Textile chemicals company DyStar has been successful in securing the destruction of 3.3 tonnes of textiles dyes, judged to infringe a patent of the company’s for the manufacture of its reactive red dyes.
DyStar has now seized more than 100 tonnes of product deemed to infringe its patented stock since it introduced an anti-counterfeiting programme in 2013.
The Istanbul IP Court granted a preliminary injunction order on the batch of reactive dyes, manufactured in Mersin Free Zones in Turkey, before the defendant agreed to its destruction and paid compensation to DyStar.
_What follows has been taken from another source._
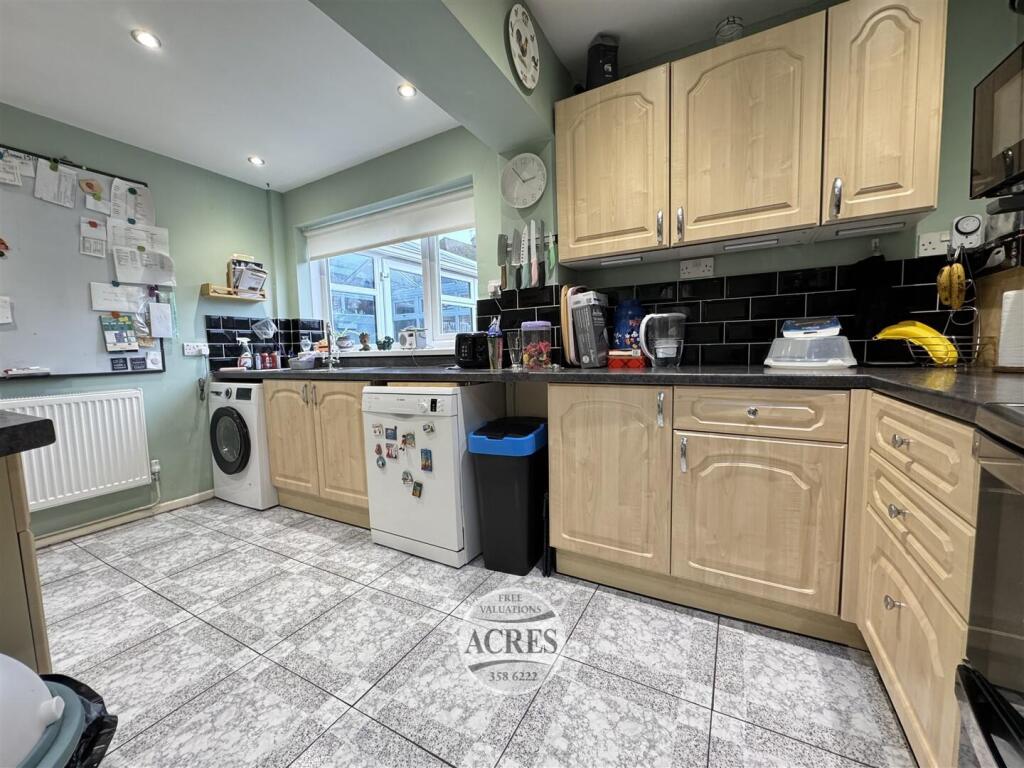 Additional image 21 of Grove Vale Avenue, Great Barr, Birmingham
Counterfeiting, though rife throughout Turkey, has been clamped down on to great aplomb since DyStar introduced its anti-counterfeiting programme. Over the past five years, Turkey has been one of the most successful jurisdictions in implementing the scheme.
As part of the enforcement programme, DyStar recorded its patents with Turkish customs, carrying out training and analysing samples of seized stock before initiating court proceedings. To date, 50 custom suspension notifications have been followed up with across four customs administrations. DyStar filed 14 court actions for infringement of its patents. A total of seven nullity actions against its asserted patents were received as counter-attacks, and five of these cases have been finalised, all in favour of DyStar.
As part of DyStar’s programme, more than 100 informative or warning letters regarding its patents have been distributed in an effort to raise awareness throughout the market. In 2017, DyStar and its attorneys were invited to present the programme as an example of best practice in a conference held within the context of the EU–Turkish Ministry project aimed to strengthen the administrative capacity of the Turkish Customs Administration.
“We are a global leader in developing and providing new products, which are both cost-efficient and environmental-friendly. Therefore, some companies try to copy our products,” commented DyStar’s director global IP, Dr. Ulrich Weingarten. “However, this turns out to be a costly approach for them with the products being destroyed and compensation paid. This is thanks to our close surveillance of the markets and the excellent cooperation with our legal advisors at Deris and the Turkish authorities.”